Dylan stieg gleich darauf ebenfalls ab. Dabei bemerkte Abigail, dass er etwas steif war und sich das rechte Bein rieb. Außerdem fiel ihr auf, wie eng seine Jeans diese männlichen Schenkel umschlossen. Doch sie schob den Gedanken gleich wieder weg. Jedenfalls versuchte sie es.

Aber es fiel ihr schwer. Dieser Mann war groß und wirkte durch und durch männlich. Erst als er näher trat, sah sie, dass er leicht hinkte.

„Haben Sie sich verletzt?“, fragte sie besorgt.

„Das könnte man so ausdrücken“, erwiderte er düster und dachte an das Rodeo, bei dem er den Unfall gehabt hatte, der ihn gezwungen hatte, die Wettbewerbe völlig aufzugeben. Die Ärzte hatten gesagt, er hätte Glück gehabt, dass er sein Bein überhaupt noch bewegen und reiten konnte. Aber er würde es nie wieder so wie früher können. Die Gürtelschnalle, die er gewonnen hatte und auch jetzt trug, war ein Beweis dafür, dass er einmal ein Champion gewesen war. Doch seine Fähigkeiten waren verloren gegangen, als er sich das rechte Bein gebrochen hatte. Nein, er hatte zurzeit nicht gerade eine Glückssträhne.

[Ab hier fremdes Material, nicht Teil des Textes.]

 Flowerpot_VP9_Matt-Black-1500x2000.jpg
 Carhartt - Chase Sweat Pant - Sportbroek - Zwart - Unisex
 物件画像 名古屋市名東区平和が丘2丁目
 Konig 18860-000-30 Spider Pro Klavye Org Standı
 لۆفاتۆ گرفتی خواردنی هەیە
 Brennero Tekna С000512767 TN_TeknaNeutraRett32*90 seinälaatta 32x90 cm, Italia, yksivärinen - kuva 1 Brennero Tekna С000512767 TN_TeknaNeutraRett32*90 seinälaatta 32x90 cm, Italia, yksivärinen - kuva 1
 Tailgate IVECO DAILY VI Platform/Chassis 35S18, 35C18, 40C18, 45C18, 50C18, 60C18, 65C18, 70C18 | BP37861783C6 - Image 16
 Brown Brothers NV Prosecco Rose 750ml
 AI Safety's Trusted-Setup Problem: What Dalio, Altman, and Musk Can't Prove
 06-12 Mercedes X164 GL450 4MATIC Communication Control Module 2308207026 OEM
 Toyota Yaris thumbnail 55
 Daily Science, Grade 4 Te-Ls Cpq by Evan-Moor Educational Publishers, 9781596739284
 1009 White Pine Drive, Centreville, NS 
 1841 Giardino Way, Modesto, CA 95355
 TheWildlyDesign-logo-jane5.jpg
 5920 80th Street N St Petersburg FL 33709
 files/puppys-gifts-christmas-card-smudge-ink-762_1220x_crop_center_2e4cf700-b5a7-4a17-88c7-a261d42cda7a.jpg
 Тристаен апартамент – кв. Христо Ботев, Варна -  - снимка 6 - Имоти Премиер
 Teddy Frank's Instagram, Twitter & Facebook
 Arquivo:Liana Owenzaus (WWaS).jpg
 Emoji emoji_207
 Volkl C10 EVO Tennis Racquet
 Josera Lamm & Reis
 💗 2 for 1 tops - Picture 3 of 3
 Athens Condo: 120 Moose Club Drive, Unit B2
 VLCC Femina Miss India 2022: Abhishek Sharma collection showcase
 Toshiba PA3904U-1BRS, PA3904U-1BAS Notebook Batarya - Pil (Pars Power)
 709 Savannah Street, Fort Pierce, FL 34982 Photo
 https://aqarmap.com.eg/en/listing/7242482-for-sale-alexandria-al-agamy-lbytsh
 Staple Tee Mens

„Gibt es etwas, das ich für Sie tun kann?“, fragte Abigail.

„Ja, Sie können mir Ihren Namen verraten. Und was Sie hier überhaupt zu suchen haben. Dies ist Pete Turners Ranch.“

„Das stimmt.“

„Und da ich weiß, dass Pete etwas gegen Besucher hat, dürften Sie wohl diejenige sein, die sein Land unbefugt betreten hat, nicht ich.“

„Wie kommen Sie denn darauf?“

„Wie ich schon sagte, Pete mag keine Besucher. Er und ich kennen uns schon lange.“

„Wirklich? Haben Sie in letzter Zeit mit ihm gesprochen?“

„Vor einigen Monaten. Im März, denke ich. Vielleicht war es auch schon im Februar.“

Abigail wusste Bescheid über das Zeitgefühl von Cowboys. Sie hatten keins, genauso wenig wie sie mit Geld und Frauen umgehen konnten. Inzwischen war Juli.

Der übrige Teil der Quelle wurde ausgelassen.